Pooh! Who doesn’t love him?

Winnie T. Pooh and the gang from the Hundred Acre Wood have endured for decades, and now the second Pooh film is less than twelve months brings all the furry friends to live-action life.

Last year’s Goodbye, Christopher Robin was a bittersweet and uneven origin story, focusing on the inspirations for A.A. Milne’s Pooh tales.

Christopher Robin drops both the goodbye and the bitter in becoming a grown-up fantasyland with an easily digestible, greeting card-ready sentimentality.

Mr. Robin (Ewan McGregor, charming as always) has put the Hundred Acre Wood long behind him, with a wife (Hayley Atwell), a young daughter (Bronte Carmichael – great name!) and a working-class job as an efficiency expert at a London luggage company.

He’s lost sight of the joy in life, and when a crisis at work means Christopher will miss another weekend family getaway, fate intervenes with a much-needed Pooh crew reunion.

The CGI effects that bring the animals to life are wonderful, the voice work  (including Brad Garrett, Toby Jones, Sophie Okonedo, Dr. Who‘s Peter Capaldi and voice acting veteran Jim Cummings) is spot on, the humor warm and the message fuzzy.

What’s missing is depth. There’s no real attempt to find any, and that’s a bit surprising with the filmmaking talent involved.

The director is Marc Forster, and the writing team includes Tom McCarthy and Alex Ross Perry.

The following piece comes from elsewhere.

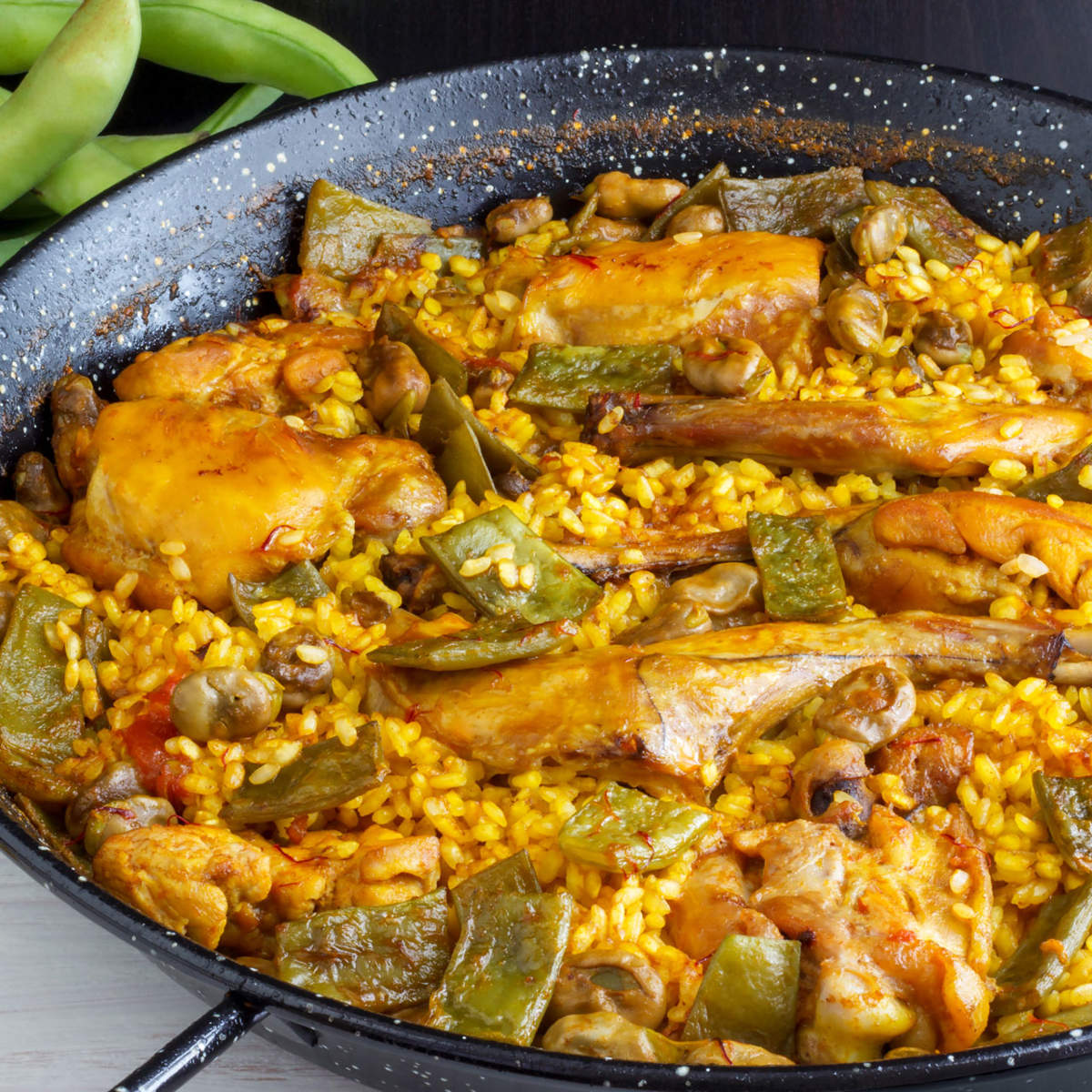 Paella valenciana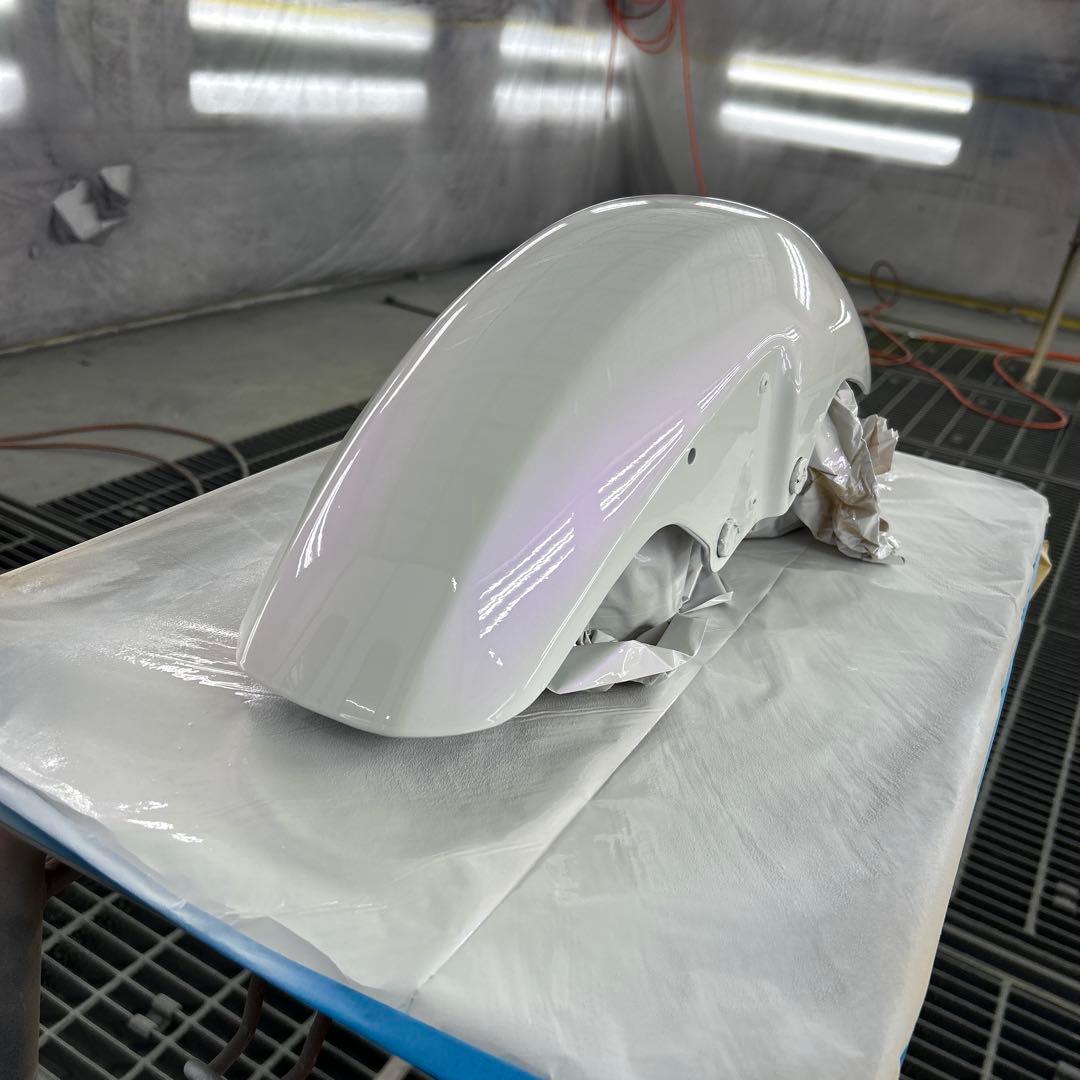 レストアベース初期型ゼファータンクテールフェンダーセット　zephyr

Between them, those three have some serious depth on their resumes, including Spotlight, Up, Listen Up Phillip, Queen of Earth, Monster’s Ball, Stranger Than Fiction, The Kite Runner and more.

The result is similar to David Lowery’s live-action take on Pete’s Dragon two years ago, where a filmmaker skilled at nuance within serious themes took on a children’s classic and struggled with when to stop simplifying.

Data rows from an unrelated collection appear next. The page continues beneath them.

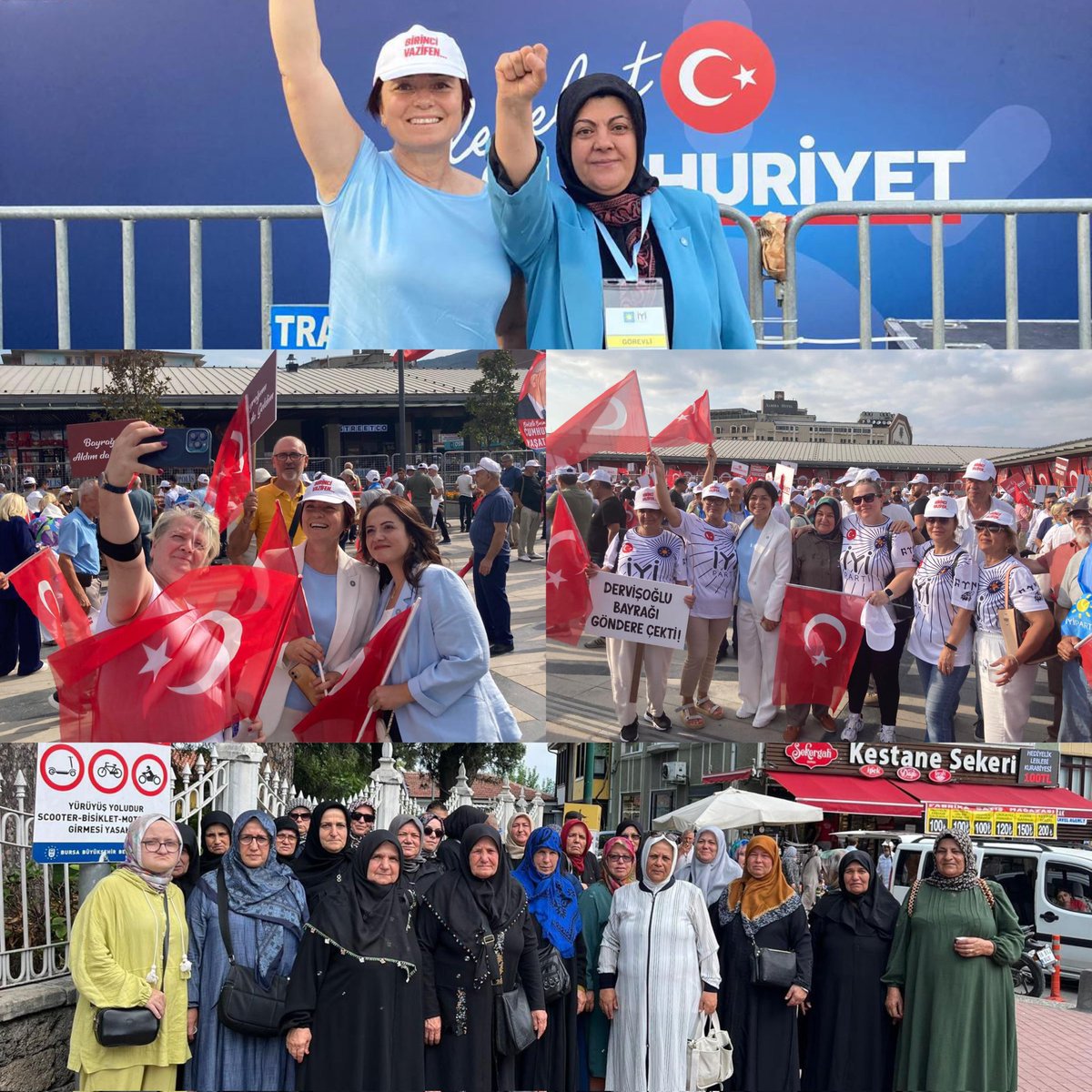 Türk istiklalini, Türk cumhuriyetini, ilelebet muhafaza ve müdafaa etmek için birlikteyiz, kararlıyız. 🇹🇷☀️🇹🇷☀️🇹🇷

Kadın, Aile ve Sos.Hiz.Bşk.lığı

<a href="/iyiparti/">İYİ Parti</a>
<a href="/MDervisogluTR/">Müsavat Dervişoğlu</a> 
<a href="/KevserOfluoglu/">Kevser Ofluoğlu</a>
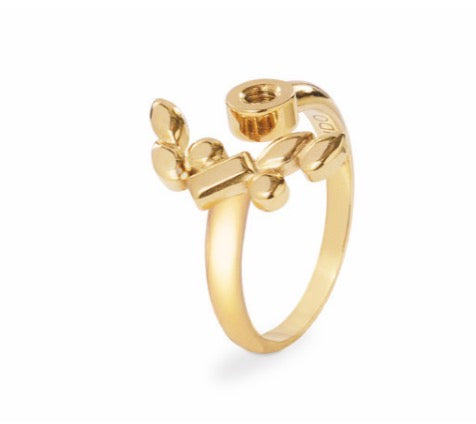 Florale Adjustable Ring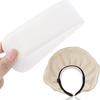 Parche absorbente de sudor para sombrero desechable, parche anti-manchas para visera de sombrero, almohadilla anti-sudor para cuello, parche antitranspirante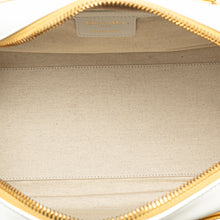 Dior | Pre-Owned Medium Padded Etoile Leather Vibe Zip Bowling Bag | Gold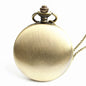 Glossy Pocket Vintage Quartz Flip Pocket Watch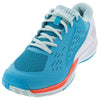 WILSON Rush Pro Ace Scuba Blue/White/Fiery Coral 6 B (M)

Christopher Robin is sweeter than the “hunny” jars Pooh dives into, but nearly as empty as he leaves them. In trying to showcase the need for simple wonders, the film settles awkwardly between a child’s fable and wistful remembrances from grandparents.

There’s plenty to like, but little to love.


Behind the Bear

Goodbye Christopher Robin

by George Wolf

Even a story born to combat sadness can have a dark side, and Goodbye Christopher Robin explores one in a film that is perfectly acceptable without ever becoming truly memorable.

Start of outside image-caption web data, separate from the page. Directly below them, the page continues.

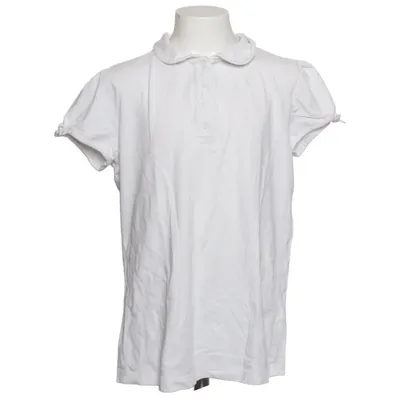 Poloshirt (Wit) van Next School Katoen, Elastaan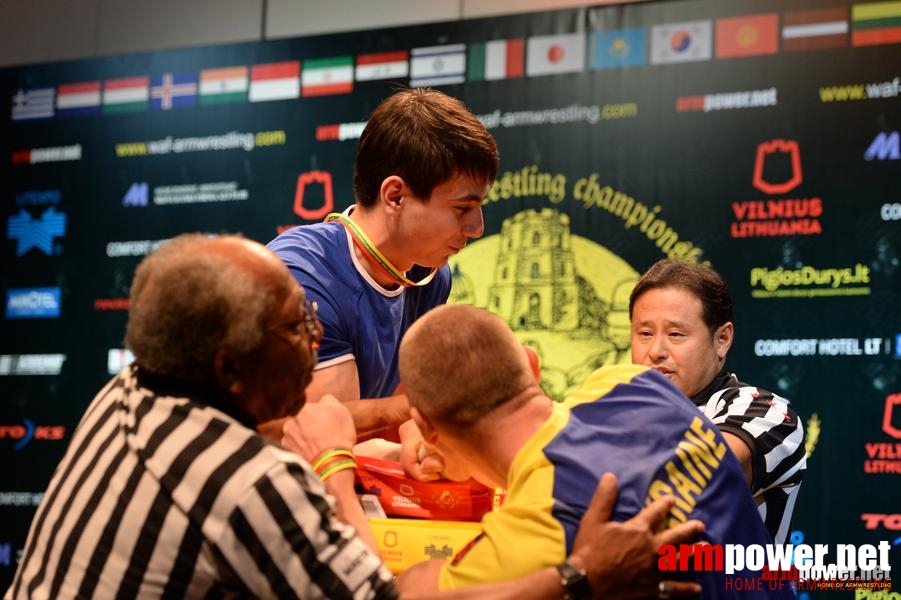 World Armwrestling Championship 2014 - day 4 # Armwrestling # Armpower.net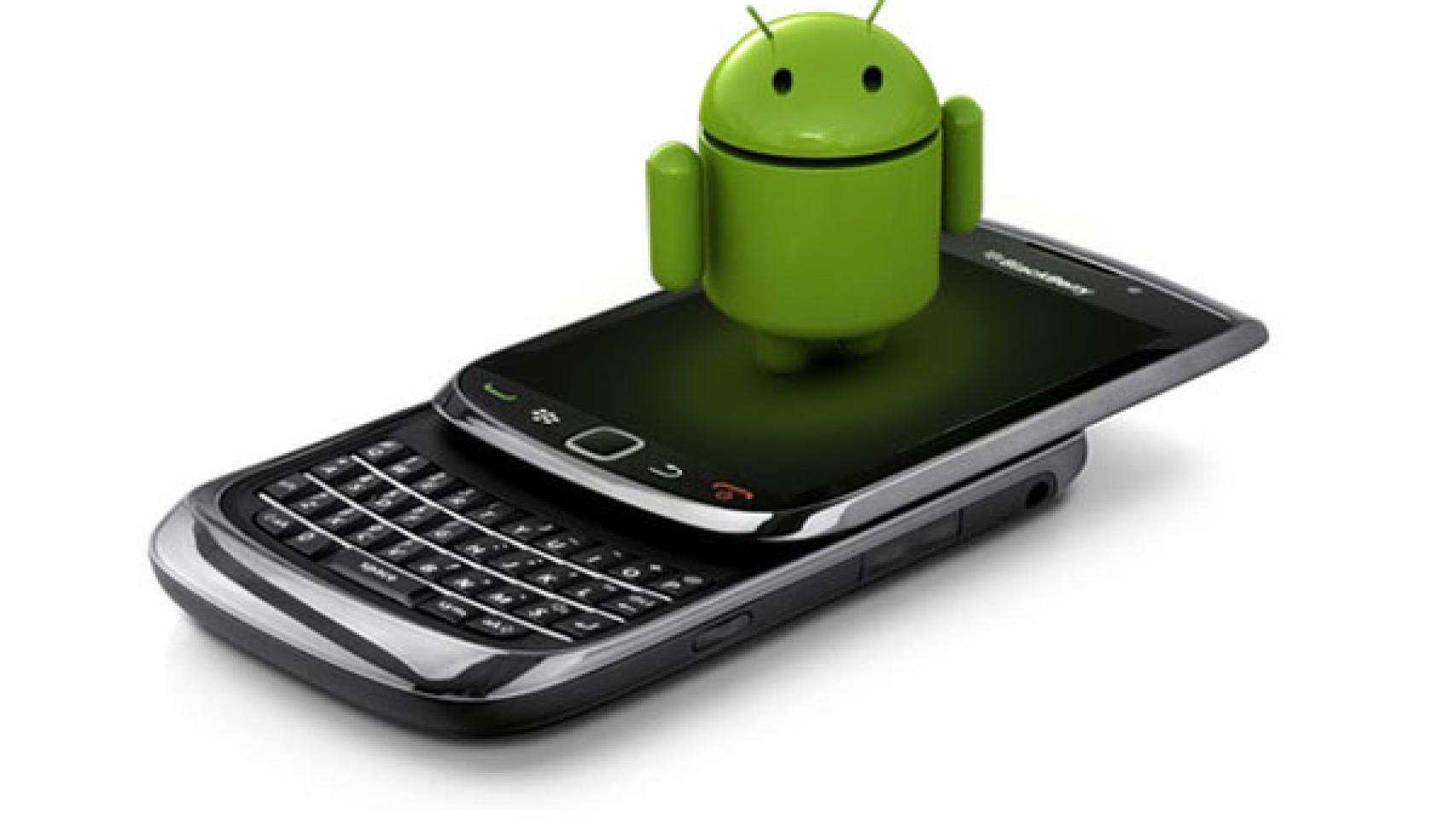 Android, ¿la salvación para Nokia y Blackberry?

The story at its heart, of course, is Winnie the Pooh, the fantasy world A.A. Milne created for his young son which became a cultural touchstone that still thrives today.

Milne (Domhnall Gleeson) returned from service in WWI with recurring flashbacks and an ambition to move beyond writing light entertainment and produce a work that would persuade readers to fully appreciate the horror and folly of war.

Retreating from the bustle of London to the solitude of the English countryside with this wife Daphne (Margot Robbie) and son Christopher (Will Tilston in an incredibly cute debut), Milne finds no inspiration until the boy (known to the family as “Billy Moon”) asks his dad to write him a story.

Extravagant wealth soon follows, along with intrusive fame, bringing confusion and heartache to a little boy who doesn’t understand why he has to share his life with the world, or why a father would write about his son instead of for him. Comfort often comes not from his parents, but from the emotional closeness of his relationship with nanny Olive aka “Nou” (Kelly Macdonald).

Director Simon Curtis (Woman in Gold, My Week with Marilyn) wraps it all in a wondrous, often childlike sheen, but juggles too many contrasting themes to find a truly resonate focus. The script, from Frank Cottrell Boyce and Simon Vaughan, offers fly-by attention to war, childhood, celebrity infatuation and those stereotypically British stiff upper lips.

The entire cast is game, the execution workmanlike and the story endearing. But Goodbye Christopher Robin, much like the family it spotlights, too often settles for safety over emotional connection.